First post, wanted to say hello and thanks for a great forum with lots of sound advice and friendly too 

So, just ordered a TDI S-Line in silver and swapping from Golf GTI. Fortunately I don't have to wait long, ordered yesterday and collecting on saturday as stock car seemed to be nice spec in a colour the wife approves of, lucky considering some of the lead times quoted in this forum. Comes with 19inch titanium look wheels, heated seats, Bose (I know, some not so flattering comments on here but not a deal breaker), phone prep, privacy glass.

Also got 3 years free servicing thrown in and a bit of cash off list and a decent trade in value for the Golf.

Not quite sure about the phone prep, forgot to ask  but is there something else I need to buy? Is i phone 3Gs compatible?


----------



## Hoggy (May 8, 2002)

Hi Paul, Welcome to the forum. Can't help with phone, but some one will soon.
H.


----------



## YELLOW_TT (Feb 25, 2004)

Welcome dont forget to join the TTOC www.ttoc.co.uk


----------



## jammyd (Oct 11, 2008)

Hello and welcome to the forum 

you can buy the phone charger for the car, but to be honest, it will work fine from the bluetooth without it


----------



## malstt (Apr 18, 2007)

Welcome to the forum. 8)


----------



## rherkanaidu (Oct 14, 2009)

Hi, if your TT has the same software as my TTS registered in March of this year, the iPhone 3GS will not be wholly compatible. You'll find the bluetooth dropping every so often and then reconnecting. Until Audi have fully tested the 3GS with their software, that is the way it has to be! Enjoy the new car.


----------



## PaulJH (Oct 12, 2009)

Thanks for the welcome and the speedy responses. Looking forward to saturday and will let you all know my first impressions of Audi ownership


----------



## keith (Feb 15, 2009)

wellcome to the forum.


----------



## PaulJH (Oct 12, 2009)

What can I say - other than superb!   Collected the car from Audi Stockport on Saturday, arrived at showroom and the car had pride of place in the showroom with audi dust cover hiding whast was underneath. After what seemed like ages completing paperwork and a slight delay as Tony the salesman was held up with the customer before me, he took me over to the car and ceremonially removed the cover. I'd not seen the actual car up to then  it looked stunning in Monza silver, with the 19 inch titanium look alloys and the privacy glass and meticulously prepared.
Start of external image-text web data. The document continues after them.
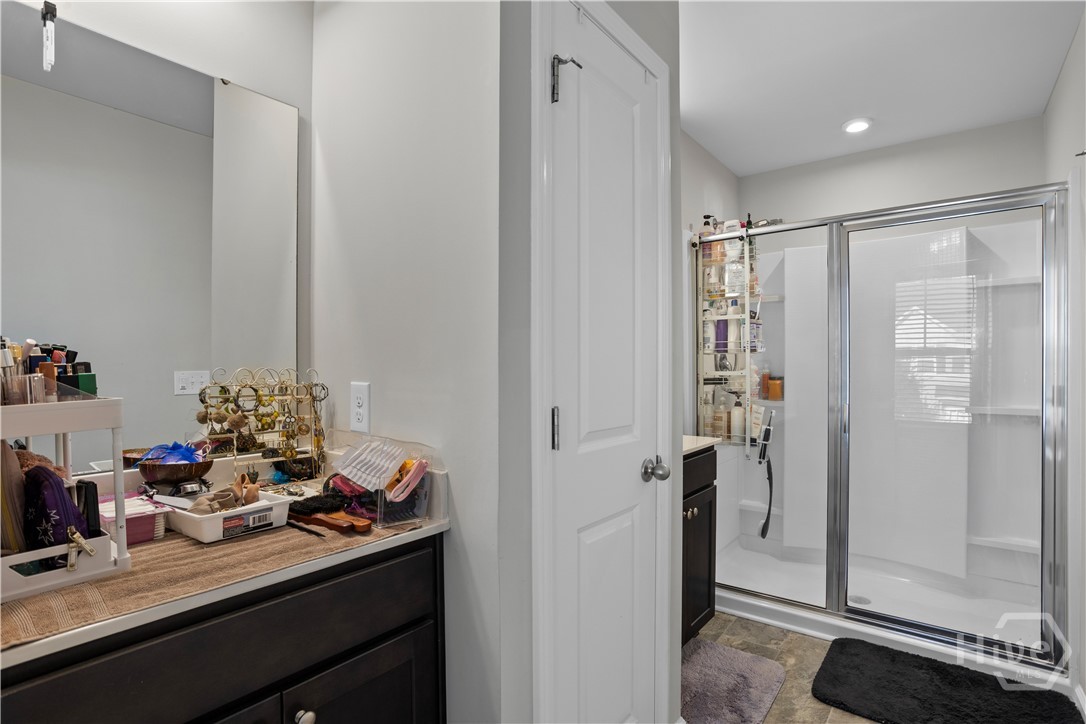 127 Benelli Drive Pooler, GA 31322 - Photo 32 of 44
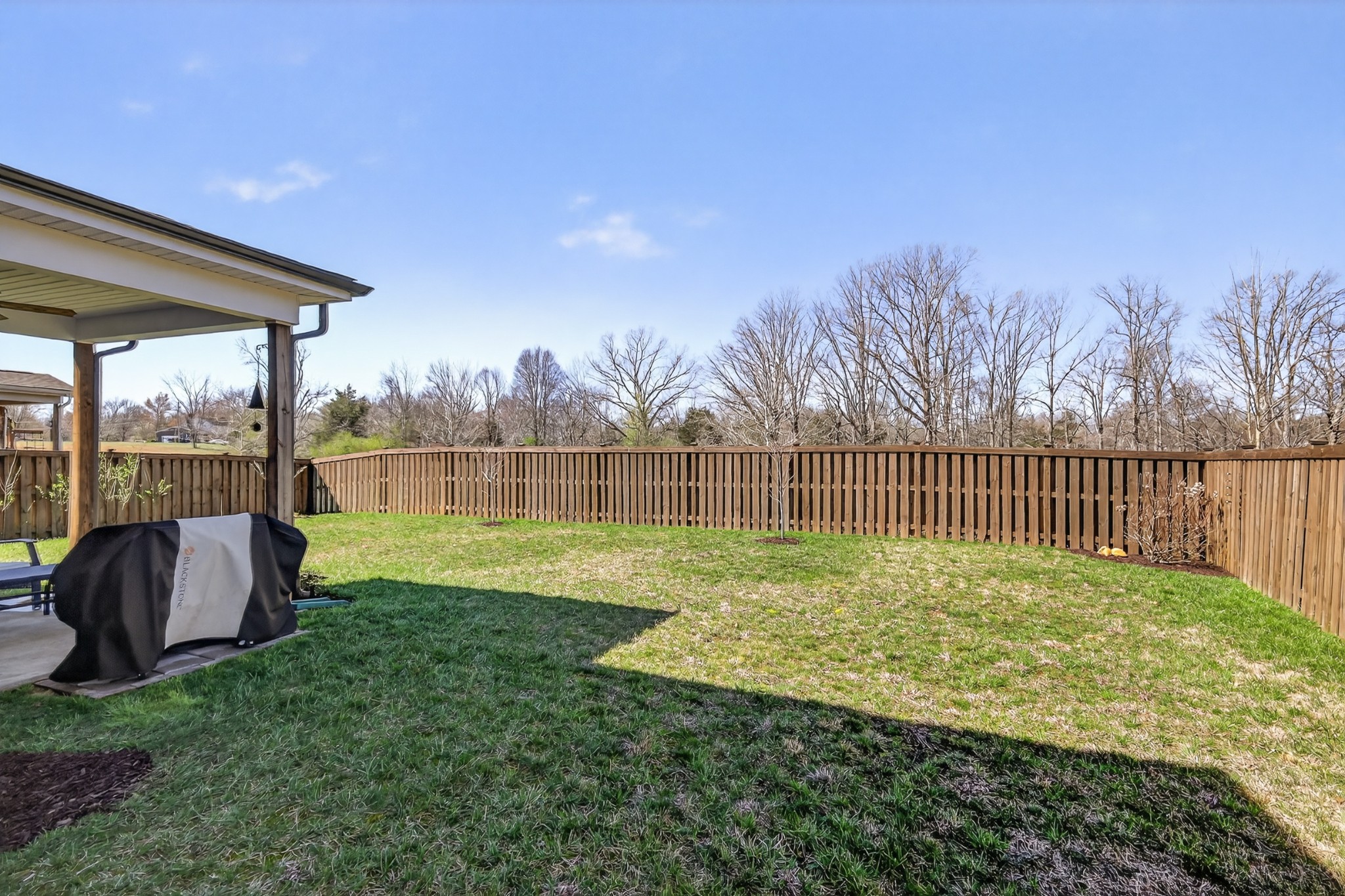7121 Ivory Way Fairview, TN 37062 - Photo 63 of 72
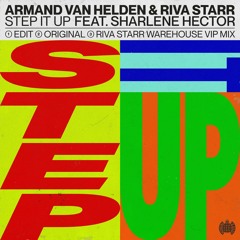Vild emulsion Brød Stream Armand Van Helden music | Listen to songs, albums, playlists for  free on SoundCloud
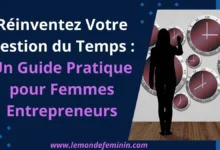 Gestion du Temps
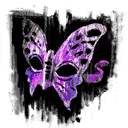 File:Mesmer icon.png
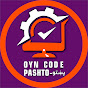 OYN CODE PASHTO - پښتو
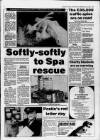 Bristol Evening Post Thursday 21 February 1991 Page 17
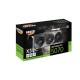 INNO3D GeForce RTX 5070 X3 OC 12GB GDDR7 Graphics Card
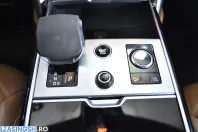 Land Rover Range Rover din 2023 cu 44.250 km - oferta LAN236852 - foto 16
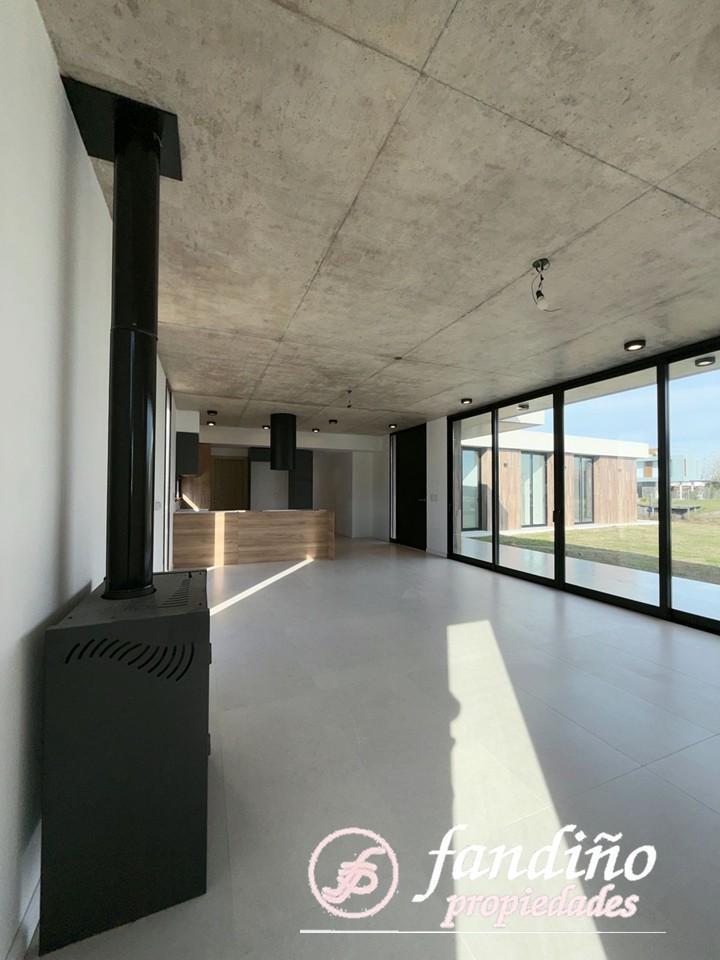 Foto de Casa en Club de Campo La Alameda, imagen 1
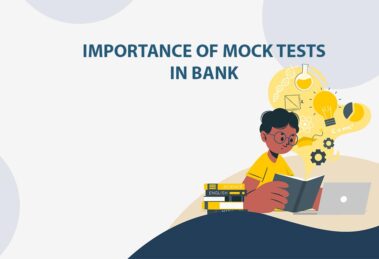 Importance of Mock Tests in Bank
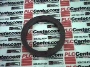 FESTO 338254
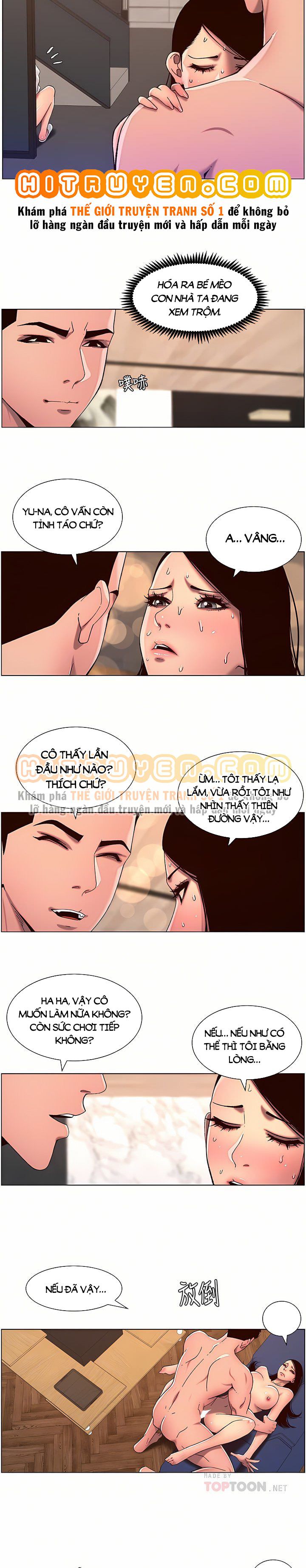 app-de-vuong-giuong-chieu-chap-51-8 integer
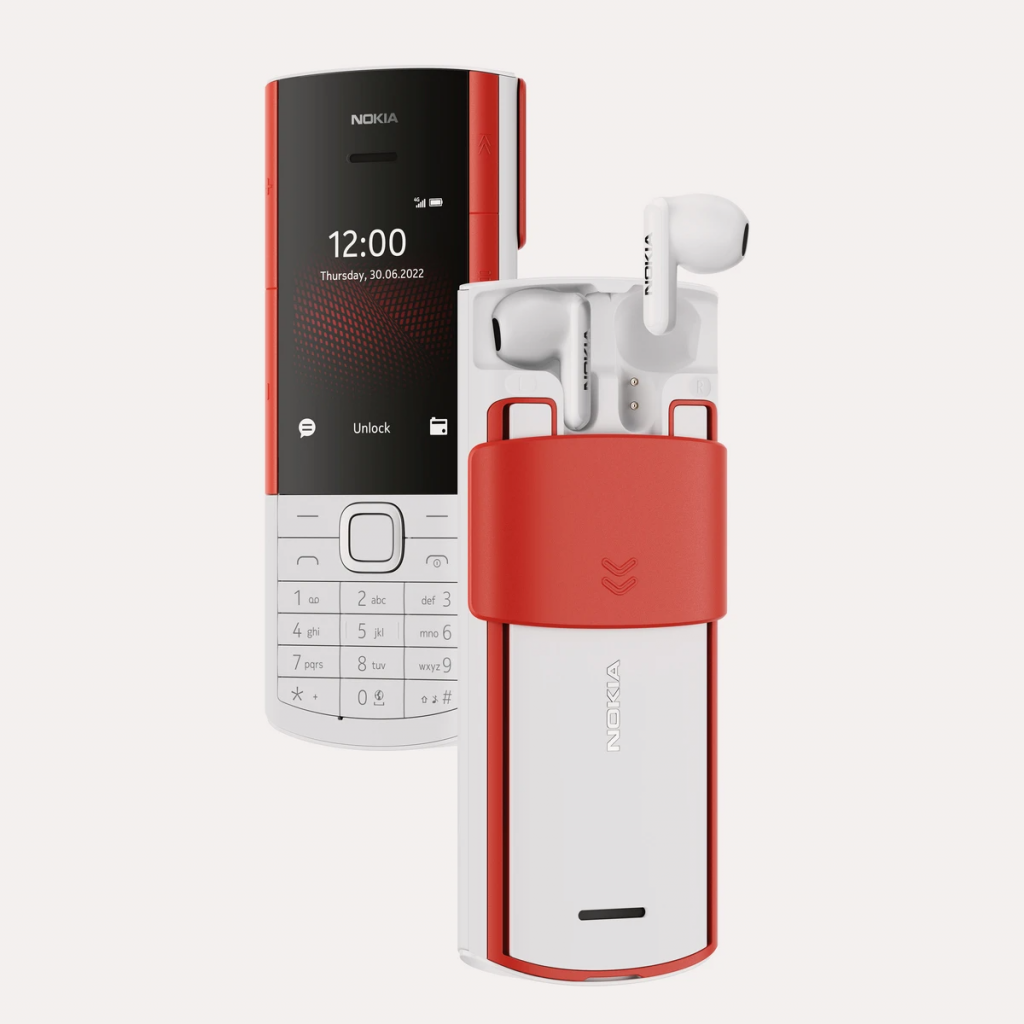 Nokia-5710-XpressAudio-WHITE-RED.png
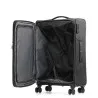CROSSTRACK - Samsonite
The showroom was quite busy and the unveiling attracted small gathering. After Tony ran through the buttons, knobs and dials he fired it upo and carefully manouvered it out of the showroom into the sun light (yes we do get some sun in Manchester 8) ) the colour changed as it reflected the light, it looked even more stunning. I was surprised at what a good job Audi have done in making the diesel exhaust sound very much the sportscar it is.

My first driving impressions after taking the car home and then a trip up to the lake district yesterday (5 hours on a wet lake with very little wind practising with crew for Winter Race Series wasn't much fun) confirmed the Audi build quality as second to none, certainly in this price bracket, excellent ergonomics, very reponsive mid range torque, brakes felt powerfully with a nice feel, quattro traction is awesome, slight niggle was kept forgetting to open the tailgate from inside but i'm nit picking here.

So, early days but I'm delighted and have made a really good choice for my first ever Audi. Tony at Audi Stockport did everything he promised and was always helpful, friendly andd polite. All in all very happy indeeeeeed


----------